Explore Your Listening Data Using SQLite & Datasette

heyarne · October 17, 2021, 9:58am

I posted this in the IRC channels and people suggested I should post this here as well, so here we go.

I created a tool that goes through your listenbrainz listen history and saves it in an SQLite database. In the process of doing so it fetches additional information from Musicbrainz and saves that as well. The result gives me a really neat way to explore my musical history using datasette, here’s a screenshot showing a graph of different releases I listened to on each day:

If you think this sounds interesting, feel free to check it out! You can find the code on https://github.com/heyarne/listenbrainz-to-sqlite.

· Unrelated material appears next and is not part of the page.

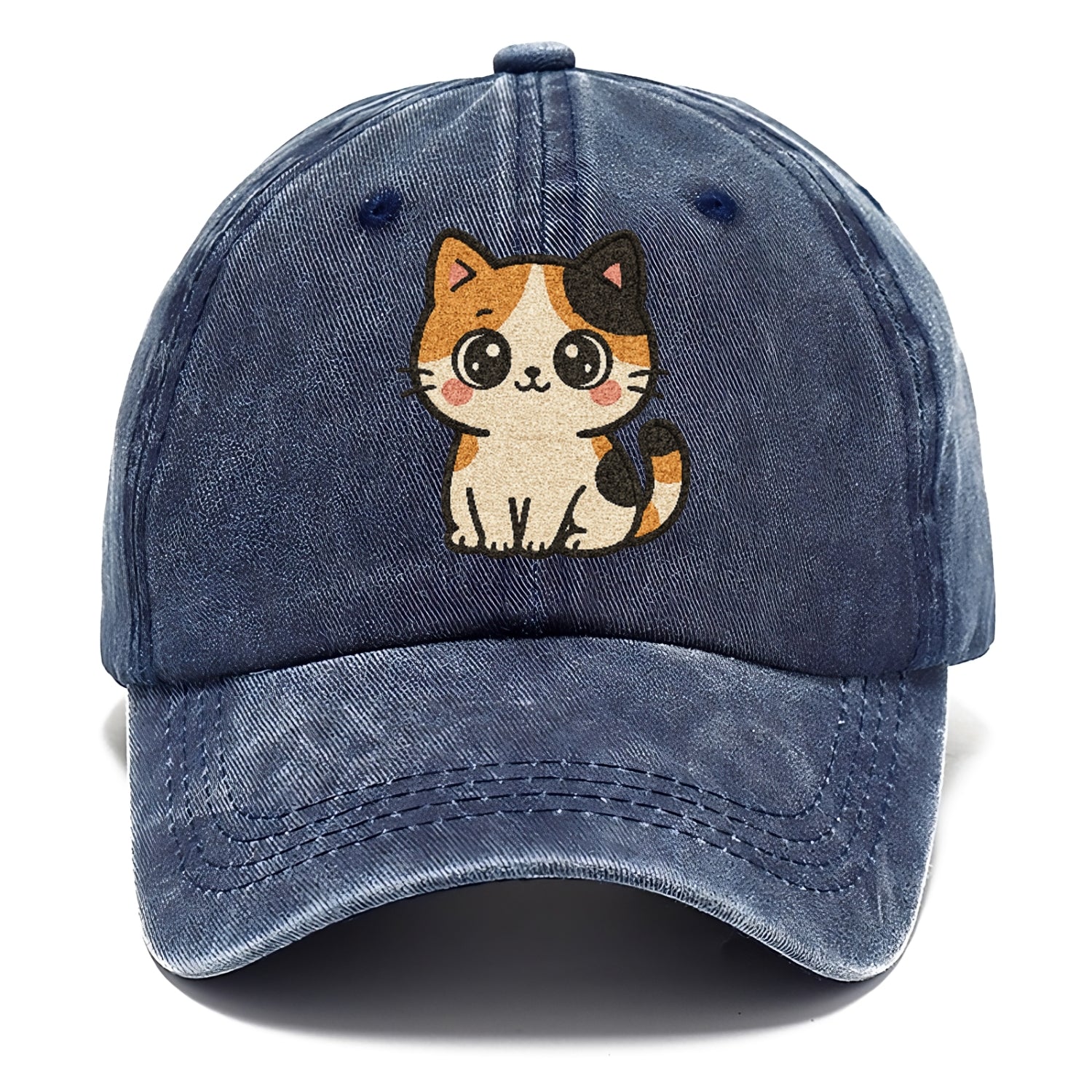 calico-cat-patchwork-charm Hat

heyarne · October 17, 2021, 10:12am

Here’s a really neat query I just wrote that your can use to figure out what to play next based on your previous choices!

SELECT
  COUNT(*) count,
  rela.release_artists,
  rec.title recording_title,
  rel.title release_title,
  following_rela.release_artists following_release_artists,
  following_rec.title as following_recording_title,
  following_rel.title as following_release_title,
  l.recording_mbid,
  l.release_mbid,
  following_recording_mbid,
  following_release_mbid
FROM
  (
    SELECT
      *,
      LAG(l.release_mbid) OVER (
        ORDER BY
          listened_at DESC
      ) following_release_mbid,
      LAG(l.recording_mbid) OVER (
        ORDER BY
          listened_at DESC
      ) following_recording_mbid
    FROM
      listens l
  ) l
JOIN
  recordings rec on l.recording_mbid = rec.mbid,
  recordings following_rec on l.following_recording_mbid = following_rec.mbid,
  releases rel on l.release_mbid = rel.mbid,
  releases following_rel on l.following_release_mbid = following_rel.mbid,
  release_artists_label rela on l.release_mbid = rela.release_mbid,
  release_artists_label following_rela on l.following_release_mbid = following_rela.release_mbid
WHERE
  following_recording_mbid IS NOT NULL
  AND LOWER(recording_title) LIKE LOWER('%' || :current_track || '%')
GROUP BY
  l.release_mbid,
  l.following_recording_mbid
ORDER BY
  count DESC;

alastairp · October 21, 2021, 10:19am

Hi @heyarne
This is really neat, thanks for sharing it. I’ve been following a bit of the development of datasette, and I think it’s a neat tool. How do you find it for this kind of analysis?
As I understand, it works only with a local sqlite database, is that right? This means that if you wanted to join anything against it (for example to get more metadata), you’d need to make sure that also exists in the database?..
I’m thinking mostly along the lines of things like your query that uses the recording title to find matches - it’d be nice to use MBIDs here (and now that we’ve fixed the server error bug that you reported, most of your listens should have them), and then look up additional metadata in MusicBrainz based on these items.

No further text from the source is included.